Lochinvar is a village in the Hunter Region of New South Wales, Australia, eleven kilometres west of the regional centre of Maitland. Lochinvar is within the boundaries of the City of Maitland local government area and is named after Lochinvar, a loch in southern Scotland. A historic home and property called "Windermere" (1821) is located near the town. There is also a locally famous country department store called "Aird's of Lochinvar" on the Maitland side.

At the , it had a population of 784 people.

Education
On the highway through the town is a large Catholic convent housing the Sisters of St Joseph (1883). There is a secondary college on the grounds, St Joseph's College - a coeducational college which caters for students from Years 7–12. It was once also a boarding school for girls.
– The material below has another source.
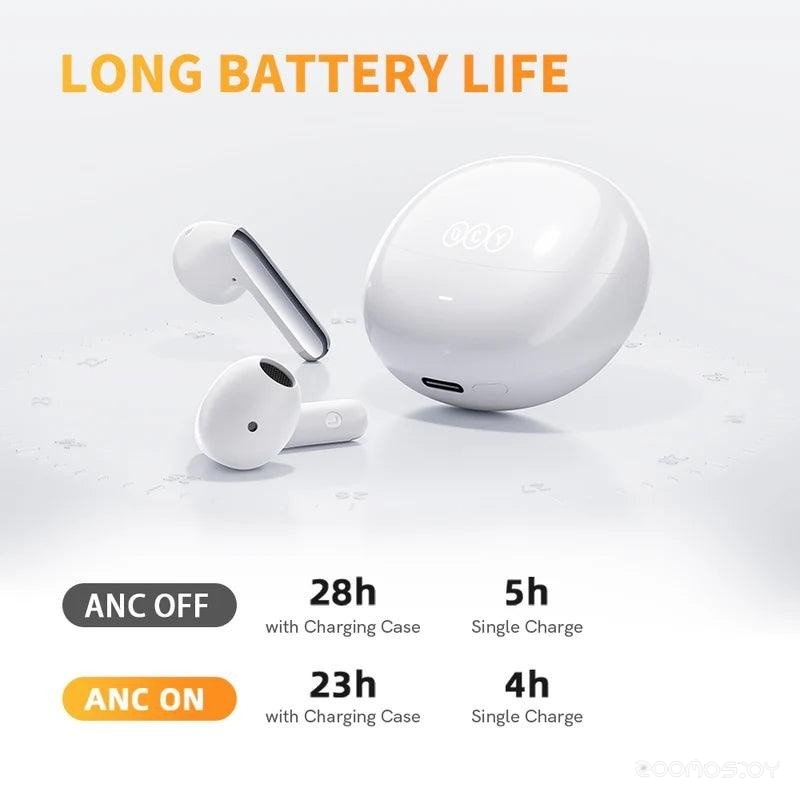 Наушники QCY AilyBuds Pro+ (белый), фото 4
It is also the site of Lochinvar Public School, as well as St Patrick's Lochinvar, the local Catholic primary school.

Transport
The town is mostly built up along the busy New England Highway between the major centres of Maitland and Singleton and is 165 kilometres north of Sydney. Most people in the area work in nearby Maitland or Singleton. Lochinvar railway station is some two kilometres south of the village.
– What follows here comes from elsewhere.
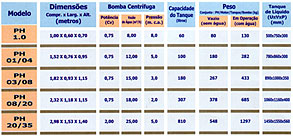 Caractersticas Tcnicas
Hunter Valley Buses runs two bus routes through the village of Lochinvar:
179: Stockland Greenhills to North Rothbury via East Maitland, Maitland, Rutherford, Greta, Branxton.
180: Stockland Greenhills to Singleton Heights via East Maitland, Maitland, Rutherford, Greta, Branxton and Singleton.

Notable people
 Actress sisters Abbie and Isabelle Cornish were born in the village in 1982 and 1994 respectively.